Restate word for word the lines below from the one that has "Mencom - Muscular" through the one that has "Oversvømmelsesrisiko fra vandløb", keeping both and dropping all pictures.

> Information shown
**********

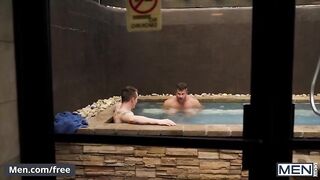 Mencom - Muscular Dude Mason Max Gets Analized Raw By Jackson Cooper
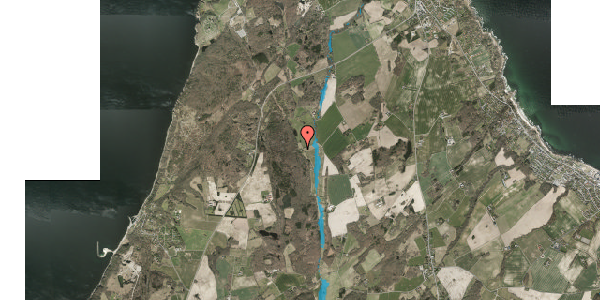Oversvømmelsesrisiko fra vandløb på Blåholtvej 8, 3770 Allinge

**********

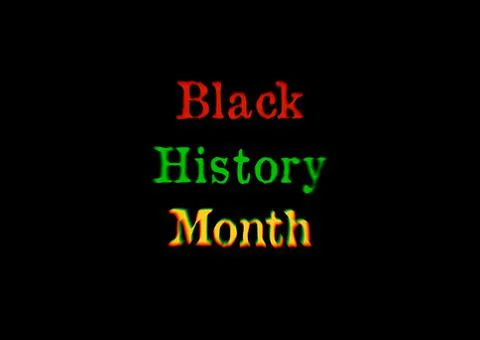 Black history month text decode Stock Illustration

**********

> Solution to this problem
 Mencom - Muscular Dude Mason Max Gets Analized Raw By Jackson Cooper
Oversvømmelsesrisiko fra vandløb på Blåholtvej 8, 3770 Allinge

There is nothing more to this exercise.